Treatment-emergent grade ≥3 nonhematologic toxicities.
An expansion cohort enrolled 23 patients at the RP2D (Table 1). Overall, 30-day and 60-day mortality was 3%. One patient died on day 26 due to septic shock during reinduction. In those who achieved CR, the median time to partial and full neutrophil recovery (i.e., ≥0.5 × 109/L and ≥1 × 109/L, respectively) and partial and full platelet recovery (i.e., ≥50 × 109/L and ≥100 × 109/L, respectively) was 34 and 36 days and 30 and 35 days.
Clinical activity
Among all enrolled patients, ORR and CR rates were 75% and 69%, respectively (Table 3). All patients who achieved a CR achieved full hematologic recovery. Among response-evaluable patients, the ORR and CR rates were 77% and 71%, respectively (one patient died on day 26 of reinduction without a response assessment). Twenty-nine (91%) patients had no evidence of residual leukemia on day 14 assessment (CR: 22/29 = 76% after one cycle of induction) whereas three (9%) received reinduction for residual leukemia on day 14. None of the patients who received reinduction therapy achieved CR. Overall CR rates were 89% (8/9), 71% (5/7), and 56% (9/16) for favorable-, intermediate-, and adverse-risk patients by ELN classification, respectively. Fifty percent of patients with secondary AML (3/6) and AML with MRC (6/12) achieved CR. At the RP2D, 15/23 (65%) achieved CR.

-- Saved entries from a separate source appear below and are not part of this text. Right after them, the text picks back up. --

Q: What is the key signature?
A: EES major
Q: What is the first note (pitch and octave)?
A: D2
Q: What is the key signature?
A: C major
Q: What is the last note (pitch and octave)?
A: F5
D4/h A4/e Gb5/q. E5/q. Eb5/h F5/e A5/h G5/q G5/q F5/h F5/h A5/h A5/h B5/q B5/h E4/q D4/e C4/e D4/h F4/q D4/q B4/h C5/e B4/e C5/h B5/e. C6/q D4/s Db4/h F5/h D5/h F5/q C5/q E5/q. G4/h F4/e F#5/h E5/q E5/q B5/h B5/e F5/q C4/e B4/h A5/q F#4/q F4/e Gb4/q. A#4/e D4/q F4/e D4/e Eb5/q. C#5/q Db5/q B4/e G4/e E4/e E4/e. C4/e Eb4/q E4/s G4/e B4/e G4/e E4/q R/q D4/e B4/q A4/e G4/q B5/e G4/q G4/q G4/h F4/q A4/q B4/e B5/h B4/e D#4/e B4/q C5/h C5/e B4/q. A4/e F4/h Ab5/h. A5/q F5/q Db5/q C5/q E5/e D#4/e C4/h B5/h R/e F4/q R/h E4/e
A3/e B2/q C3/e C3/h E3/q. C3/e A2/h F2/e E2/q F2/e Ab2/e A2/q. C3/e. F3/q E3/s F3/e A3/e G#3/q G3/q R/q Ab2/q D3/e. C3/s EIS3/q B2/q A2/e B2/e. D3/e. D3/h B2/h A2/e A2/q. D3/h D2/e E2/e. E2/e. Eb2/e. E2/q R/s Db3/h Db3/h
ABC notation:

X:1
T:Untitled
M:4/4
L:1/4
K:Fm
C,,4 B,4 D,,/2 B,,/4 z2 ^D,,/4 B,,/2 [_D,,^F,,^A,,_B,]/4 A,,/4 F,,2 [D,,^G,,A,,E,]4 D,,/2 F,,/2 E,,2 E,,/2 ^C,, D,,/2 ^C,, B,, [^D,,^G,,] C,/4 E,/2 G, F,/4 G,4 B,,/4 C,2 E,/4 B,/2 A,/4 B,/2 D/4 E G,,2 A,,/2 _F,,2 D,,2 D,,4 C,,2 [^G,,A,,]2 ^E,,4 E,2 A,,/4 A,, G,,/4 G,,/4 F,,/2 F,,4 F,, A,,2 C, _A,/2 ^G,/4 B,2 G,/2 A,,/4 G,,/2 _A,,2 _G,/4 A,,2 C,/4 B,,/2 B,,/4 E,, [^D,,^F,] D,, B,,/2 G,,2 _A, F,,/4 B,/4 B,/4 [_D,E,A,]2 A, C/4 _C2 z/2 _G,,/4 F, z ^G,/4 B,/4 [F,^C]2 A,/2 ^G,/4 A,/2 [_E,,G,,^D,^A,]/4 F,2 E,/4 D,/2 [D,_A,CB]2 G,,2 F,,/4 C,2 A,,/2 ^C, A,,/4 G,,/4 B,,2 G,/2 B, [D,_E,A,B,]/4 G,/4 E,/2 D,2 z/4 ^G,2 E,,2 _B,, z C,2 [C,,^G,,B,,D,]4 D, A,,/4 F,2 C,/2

Clinical activity—response assessments.
Of the 22 patients who achieved a CR, 19 (86%) received consolidation therapy with intermediate or HiDAC consolidation (median No. of cycles: 2; range, 1–4). Eleven (34%) proceeded to alloSCT (ELN favorable-risk: n = 3, intermediate-risk: n = 3, adverse-risk: n = 5), all of whom achieved CR with induction therapy. Of the 11 patients who achieved CR and did not receive an alloSCT, five (45%), two (18%), and four (36%) were ELN favorable-risk, intermediate-risk, and adverse-risk, respectively.
MRD exploratory cohort
Twelve (38%) patients on the expansion cohort were included in a centralized MRD flow cytometry assessment. Nine (75%) achieved CR and eight of nine (89%) were determined to be MRD-negative (intermediate-risk: seven of seven; adverse-risk: one of two; Supplementary Table S3).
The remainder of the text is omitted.